_What you need to do_
Below are lines of records; copy exactly those from the one containing "ライズ脇田町 A館の内装写真" through the one containing "NCED26Clothing MID LAYER", leaving the pictures behind.

_Data listing_
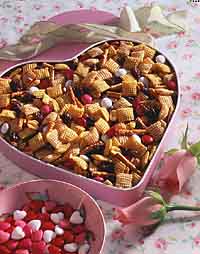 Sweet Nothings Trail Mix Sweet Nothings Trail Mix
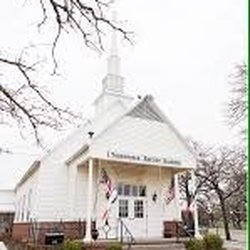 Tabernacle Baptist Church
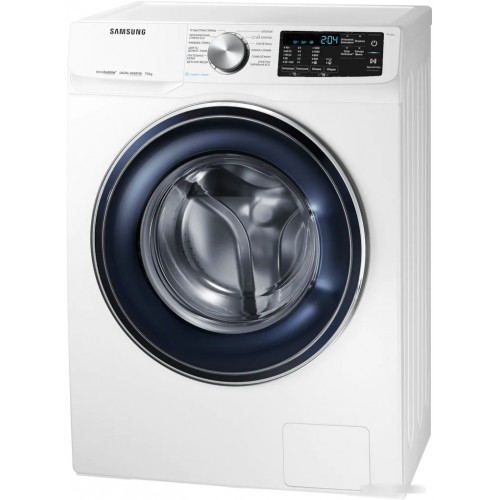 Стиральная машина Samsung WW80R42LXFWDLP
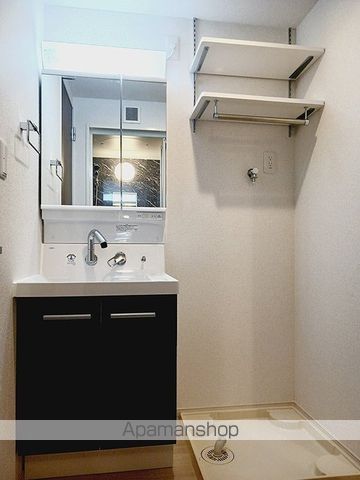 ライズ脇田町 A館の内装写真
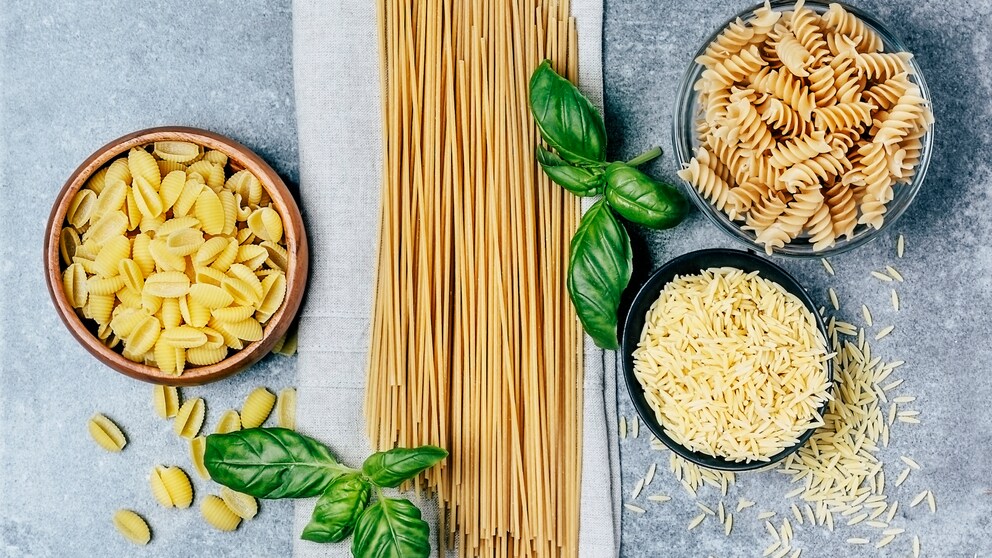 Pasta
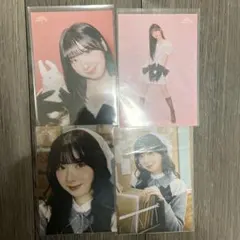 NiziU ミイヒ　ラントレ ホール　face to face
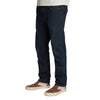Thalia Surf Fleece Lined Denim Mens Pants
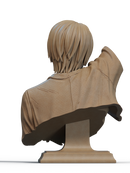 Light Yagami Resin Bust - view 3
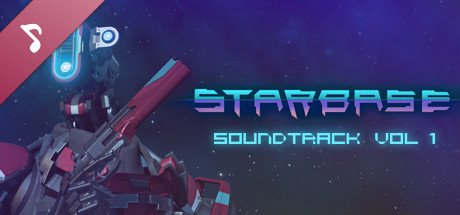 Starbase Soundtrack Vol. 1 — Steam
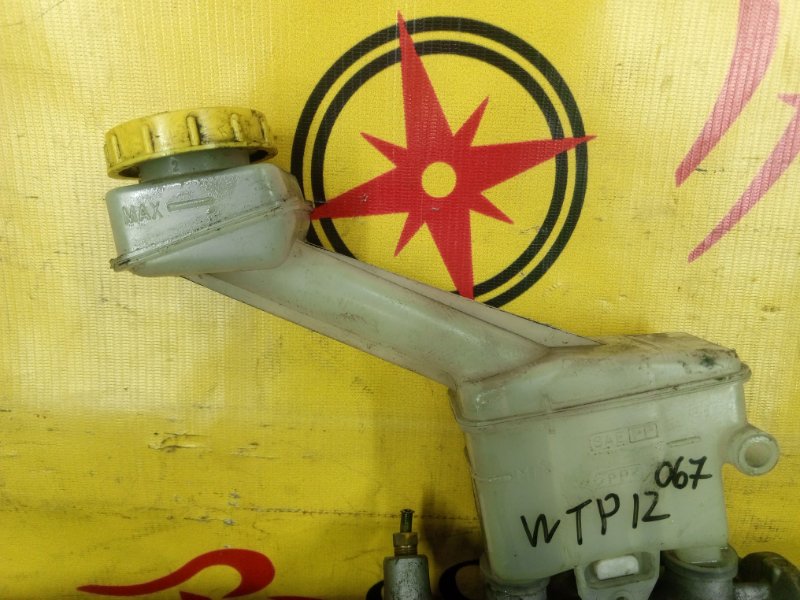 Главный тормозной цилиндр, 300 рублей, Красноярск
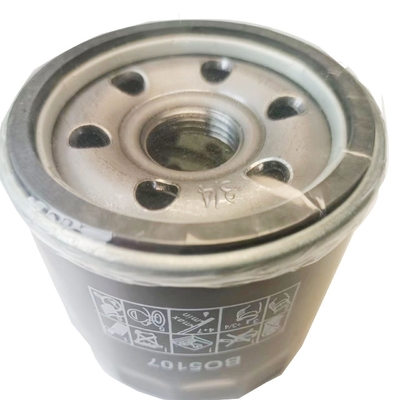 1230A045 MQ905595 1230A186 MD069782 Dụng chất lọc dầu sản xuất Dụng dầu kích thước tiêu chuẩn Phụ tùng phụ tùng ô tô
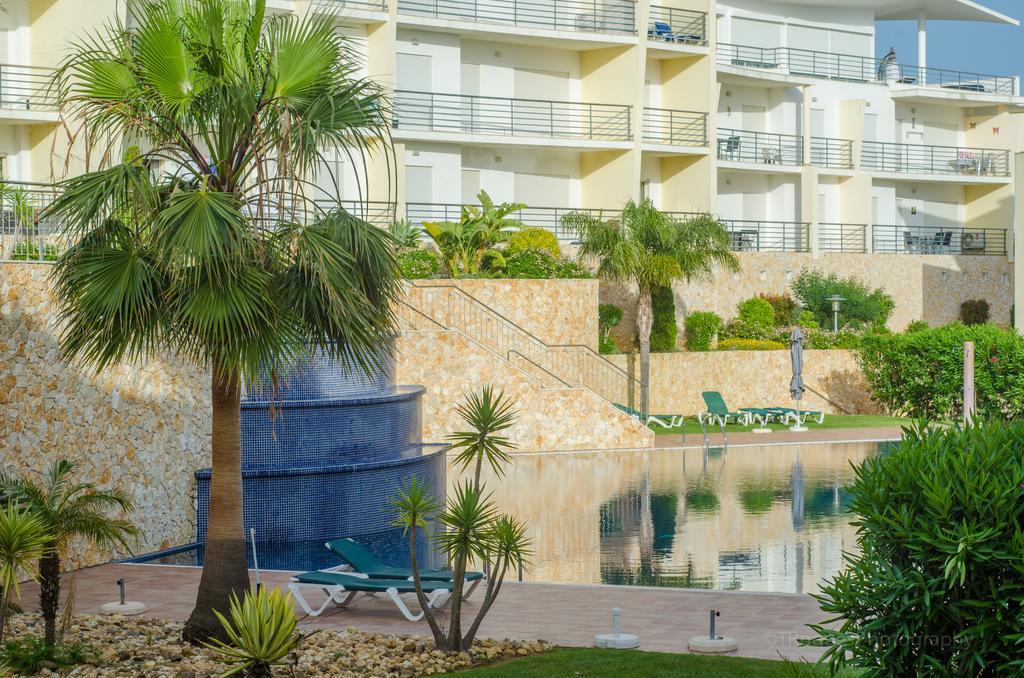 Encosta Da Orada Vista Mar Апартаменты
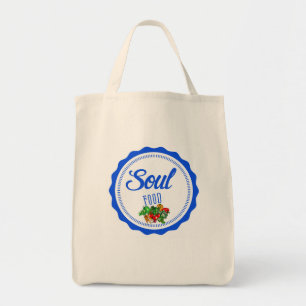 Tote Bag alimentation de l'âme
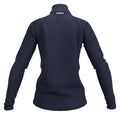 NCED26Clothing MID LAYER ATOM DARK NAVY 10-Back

* * *

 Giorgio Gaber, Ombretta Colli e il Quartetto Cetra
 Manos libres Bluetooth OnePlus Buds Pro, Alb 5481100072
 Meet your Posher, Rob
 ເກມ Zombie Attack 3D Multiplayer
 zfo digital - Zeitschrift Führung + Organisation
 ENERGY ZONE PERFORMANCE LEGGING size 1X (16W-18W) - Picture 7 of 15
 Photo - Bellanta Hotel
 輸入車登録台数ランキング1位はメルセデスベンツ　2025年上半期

...

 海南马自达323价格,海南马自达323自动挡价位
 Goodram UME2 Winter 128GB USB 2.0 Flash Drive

_Response_
 ライズ脇田町 A館の内装写真
 Pasta
 NiziU ミイヒ　ラントレ ホール　face to face
Thalia Surf Fleece Lined Denim Mens Pants
 Light Yagami Resin Bust - view 3
 Starbase Soundtrack Vol. 1 — Steam
 Главный тормозной цилиндр, 300 рублей, Красноярск
 1230A045 MQ905595 1230A186 MD069782 Dụng chất lọc dầu sản xuất Dụng dầu kích thước tiêu chuẩn Phụ tùng phụ tùng ô tô
 Encosta Da Orada Vista Mar Апартаменты
 Tote Bag alimentation de l'âme
 NCED26Clothing MID LAYER ATOM DARK NAVY 10-Back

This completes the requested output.